[Material for this task Boundary: Start]
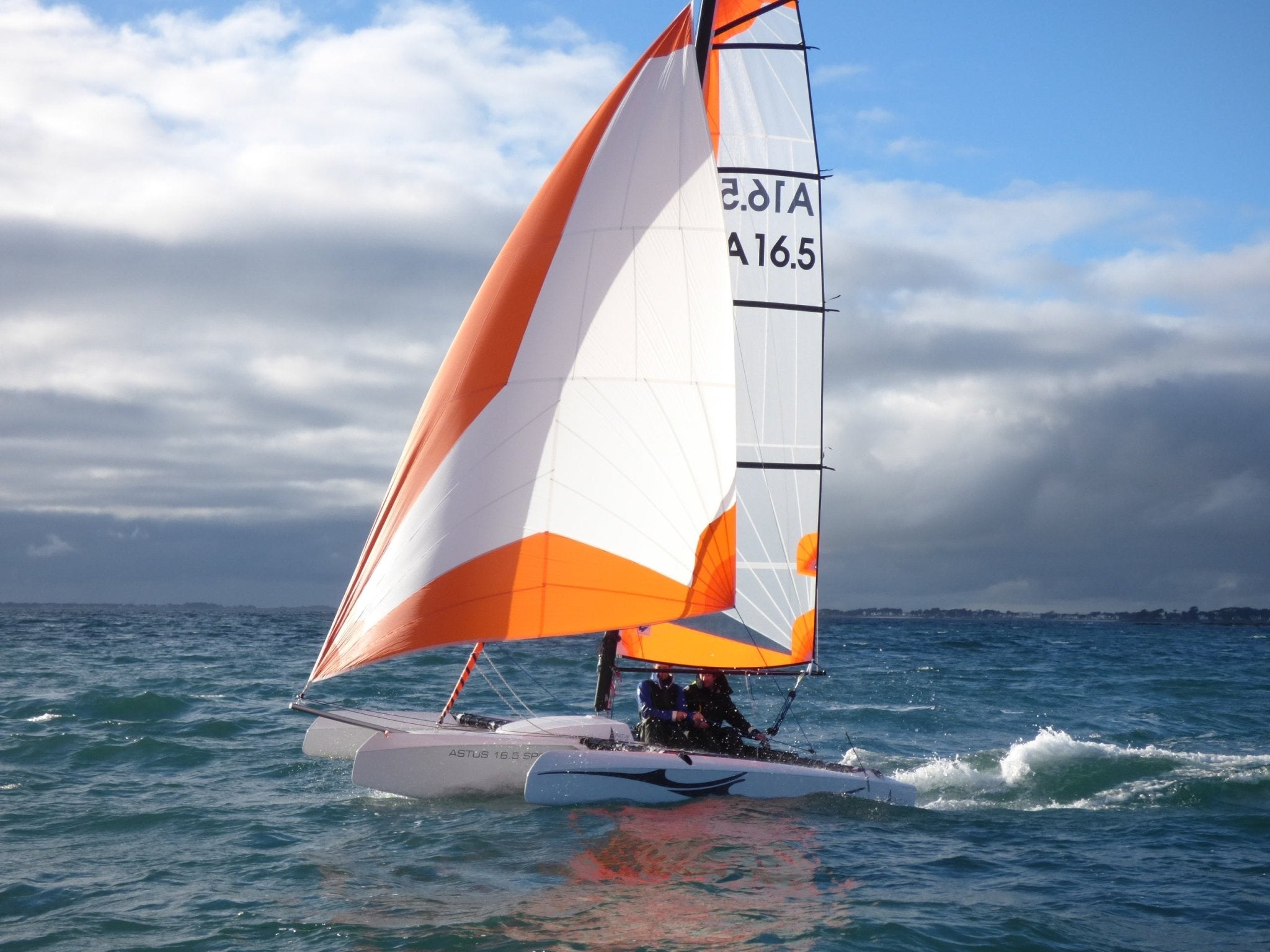 Astus 16.5 Sailing Trimaran - Red Beard Sailing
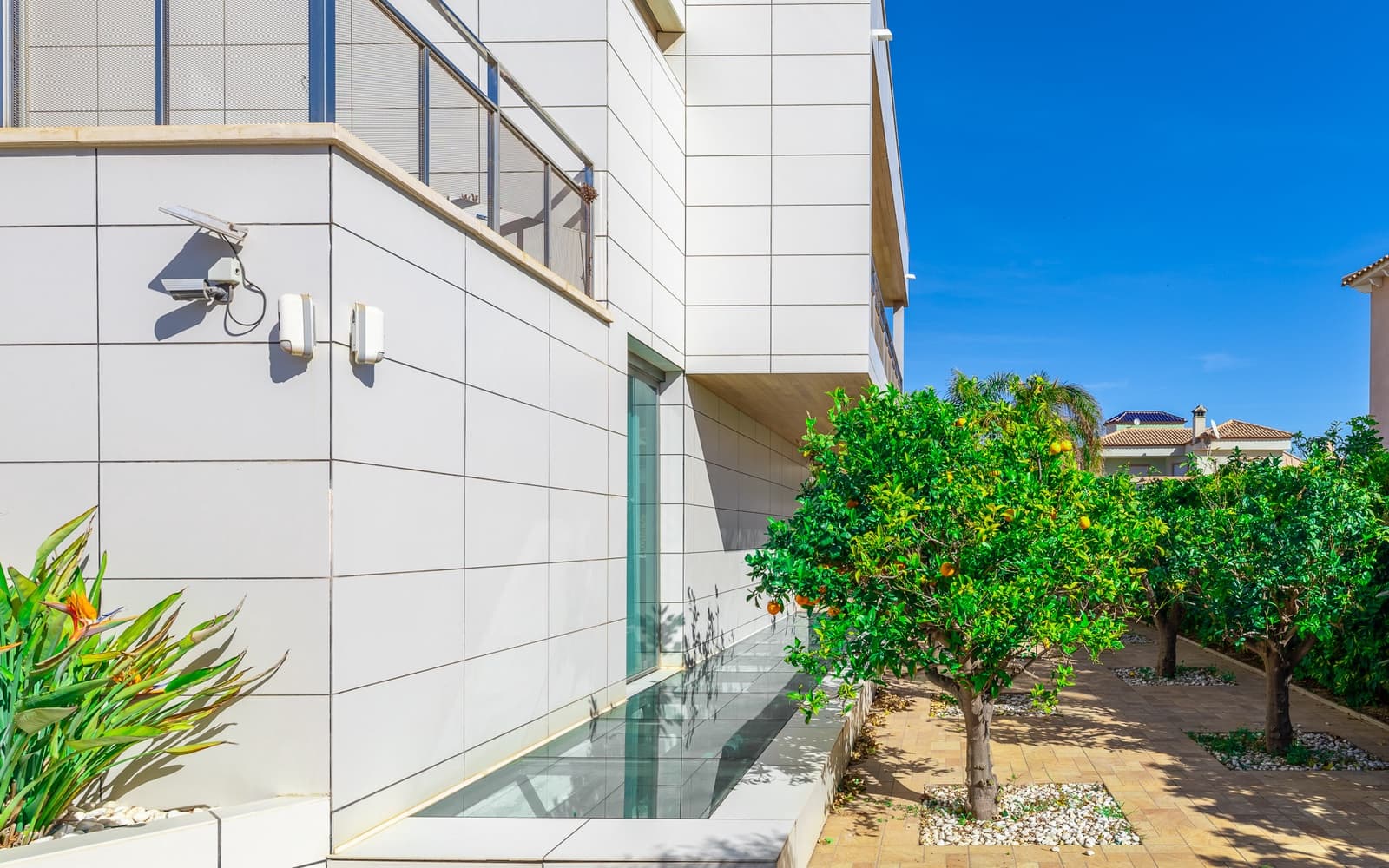 2 soveværelse Villa til salg i La Zenia med swimmingpool garage - € 1.100.000 (Ref: 8820593)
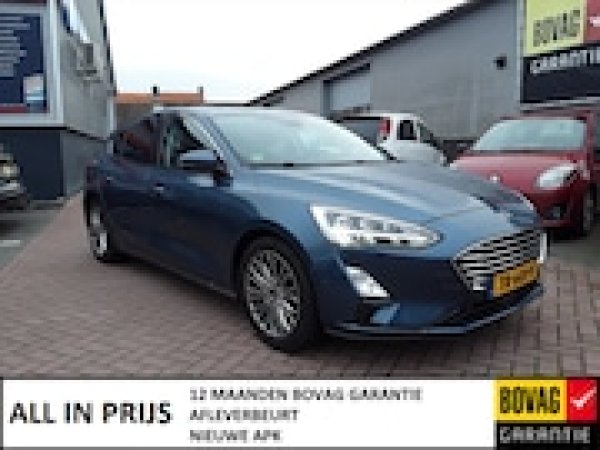 Ford Focus 1.0 EcoBoost Titanium Business 2018 - voorkant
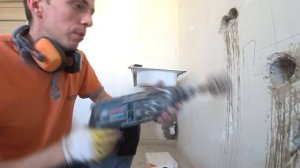 Отверстие в бетоне для розетки  за 5 минут БЕЗ КОРОНКИ. Главная ошибка начинающих бурильщиков бетон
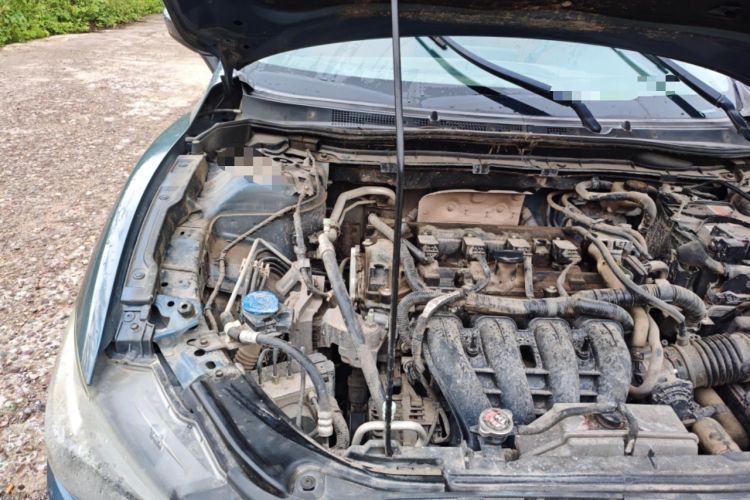 Used Mazda Atenza 2017 2.0L Blue Sky Luxury Edition Engine Bay Right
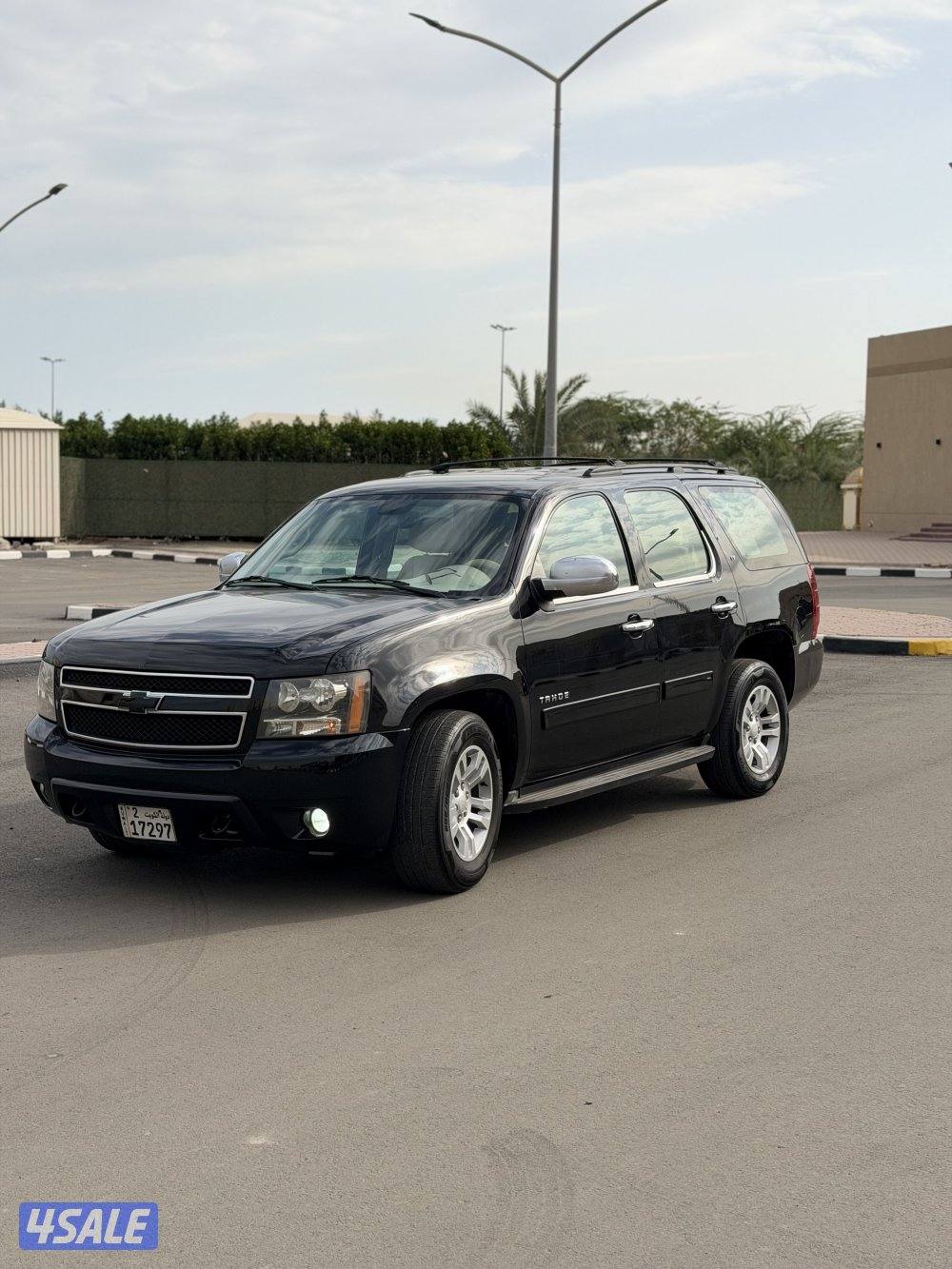 للبيع تاهو مديل 2011 صبغ الوكاله السياره قمه بالنظافه1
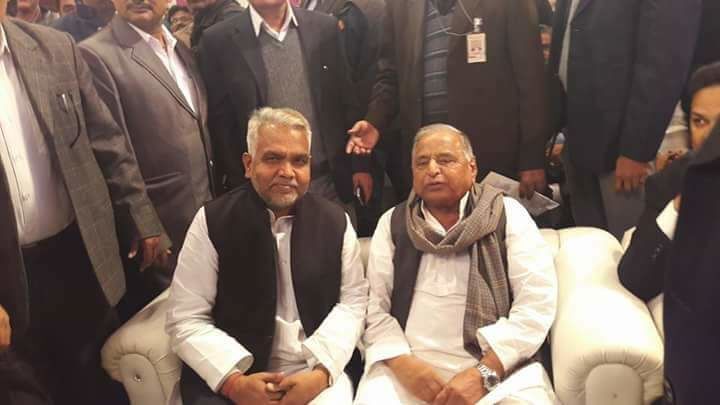 सपा ने मौजूदा सांसद का टिकट काटकर फूलपुर से पंधारी यादव को दिया टिकट सपा ने मौजूदा सांसद का टिकट काटकर फूलपुर से पंधारी यादव को दिया टिकट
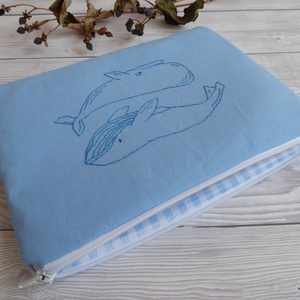 Hímzett kék bálna cet neszeszer - táska & tok - neszesszer - Meska.hu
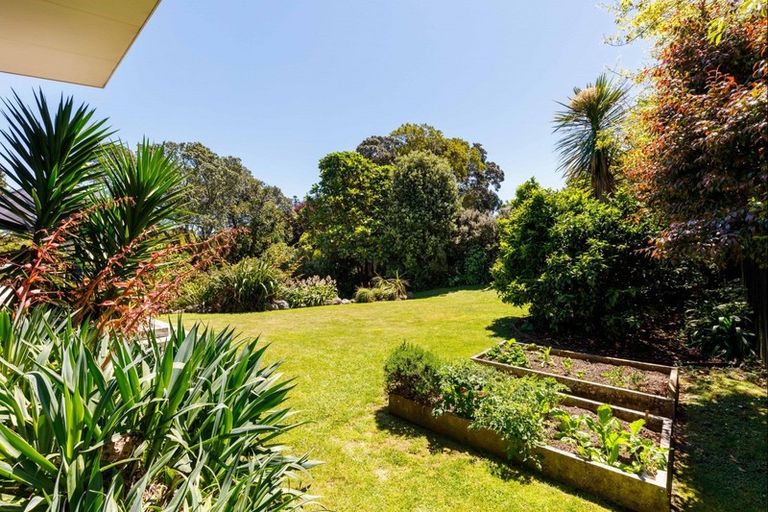 Photo of property in 59 Waiwaka Terrace, Strandon, New Plymouth, 4312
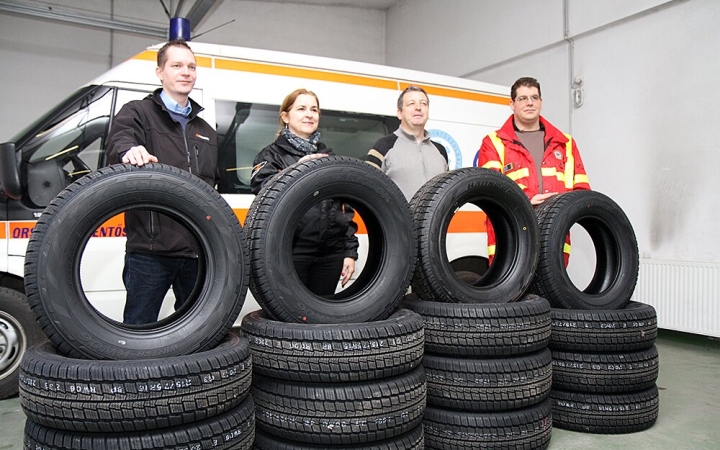 Hankook-adomány - Új abroncsok a mentőautókra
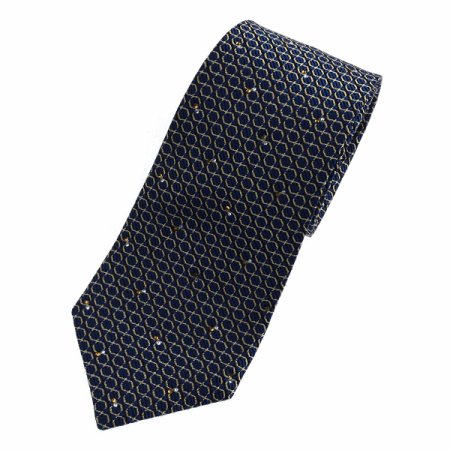 라인이 돋보이는 기하학 큐빅타이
[Material for this task Boundary: End]
-- Task brief --
Each line from the one containing "Used Mazda Atenza" through the end of the records above is to be retyped exactly, with the pictures omitted and nothing added.

-- Exercise answer --
 Used Mazda Atenza 2017 2.0L Blue Sky Luxury Edition Engine Bay Right
 للبيع تاهو مديل 2011 صبغ الوكاله السياره قمه بالنظافه1
 सपा ने मौजूदा सांसद का टिकट काटकर फूलपुर से पंधारी यादव को दिया टिकट सपा ने मौजूदा सांसद का टिकट काटकर फूलपुर से पंधारी यादव को दिया टिकट
 Hímzett kék bálna cet neszeszer - táska & tok - neszesszer - Meska.hu
 Photo of property in 59 Waiwaka Terrace, Strandon, New Plymouth, 4312
 Hankook-adomány - Új abroncsok a mentőautókra
 라인이 돋보이는 기하학 큐빅타이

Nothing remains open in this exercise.